L'accord devrait contribuer à désenclaver l'Arménie, en développant des liaisons aériennes directes avec les pays de l'Union européenne et en lui donnant accès à leurs hubs. Il devrait également, à l'instar d'accords similaires, permettre de développer le tourisme en Arménie.

Toutefois, les compagnies aériennes enregistrées en Arménie figurent sur la « liste noire » de l'Union européenne depuis juin 2020 en raison de manquements aux règles de sécurité aérienne. Elles ne peuvent donc pas bénéficier de l'accord dans l'immédiat.

Le premier comité mixte s'est tenu le 9 juin 2022 à Erevan, avec la participation du ministre délégué arménien Armen Simonyan. Lors de ce comité mixte a été présentée l'évolution du marché :

- Le nombre de passagers entre l'Union européenne entre 2019 et 2022 a plus que doublé pour atteindre 660 000 passagers en 2022. Le fret a presque doublé pour atteindre 2032 tonnes ;

- Il existe 12 routes aériennes entre des aéroports de l'Union européenne et des aéroports d'Arménie, dont 3 nouvelles routes depuis la signature de l'accord (parmi elles, Marseille-Erevan ouverte l'été dernier par Transavia) ;

- Paris-Erevan, avec 96 000 passagers est la 2e liaison la plus fréquentée après Vienne-Erevan (128 000), et devant Varsovie-Erevan (91 000), Athènes-Erevan (85 000) et Frankfort-Erevan (80 000).

L'Arménie a également présenté ses progrès dans la transposition de l'acquis communautaire.

Ce premier comité mixte fut l'occasion pour l'agence européenne de sécurité aérienne de présenter son programme de coopération technique avec les pays partenaires de l'UE dans la zone (Moldavie, Géorgie, Arménie, Ukraine).

Un prochain comité mixte devrait se tenir cette année, avant l'été 2024.

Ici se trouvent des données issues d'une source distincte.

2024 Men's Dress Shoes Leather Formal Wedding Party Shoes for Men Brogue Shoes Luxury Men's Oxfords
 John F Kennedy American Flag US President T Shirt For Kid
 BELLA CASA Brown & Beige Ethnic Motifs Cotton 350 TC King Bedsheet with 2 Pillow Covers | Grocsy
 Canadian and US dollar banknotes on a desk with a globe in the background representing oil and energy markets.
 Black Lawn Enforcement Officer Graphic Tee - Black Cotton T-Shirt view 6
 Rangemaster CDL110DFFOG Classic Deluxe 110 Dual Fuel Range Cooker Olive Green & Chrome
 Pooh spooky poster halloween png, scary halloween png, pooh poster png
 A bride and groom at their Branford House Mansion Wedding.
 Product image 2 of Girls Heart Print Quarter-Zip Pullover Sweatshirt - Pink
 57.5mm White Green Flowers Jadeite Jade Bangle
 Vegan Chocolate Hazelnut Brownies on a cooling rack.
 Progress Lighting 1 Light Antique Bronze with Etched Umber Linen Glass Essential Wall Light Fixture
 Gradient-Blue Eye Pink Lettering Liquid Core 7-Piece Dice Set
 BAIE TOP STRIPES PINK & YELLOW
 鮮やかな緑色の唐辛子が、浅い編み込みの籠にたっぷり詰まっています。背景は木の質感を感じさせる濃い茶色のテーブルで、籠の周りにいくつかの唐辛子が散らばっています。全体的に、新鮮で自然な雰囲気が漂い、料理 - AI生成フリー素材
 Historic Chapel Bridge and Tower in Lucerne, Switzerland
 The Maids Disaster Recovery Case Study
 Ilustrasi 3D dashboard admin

B. POUR L'UKRAINE, UN ACCORD SUSPENDU DE FAIT PAR LA GUERRE

Le Conseil de l'Union européenne a donné mandat à la Commission européenne pour négocier l'accord avec l'Ukraine le 12 décembre 2006 et l'accord a été paraphé le 28 novembre 2013.

Le présent accord a donc été négocié préalablement à l'annexion illégale de la Crimée par la Russie en mars 2014 et à l'invasion de l'Ukraine par la Russie en février 2022, mais les clauses de l'accord ne se réfèrent pas à un espace géographique précis.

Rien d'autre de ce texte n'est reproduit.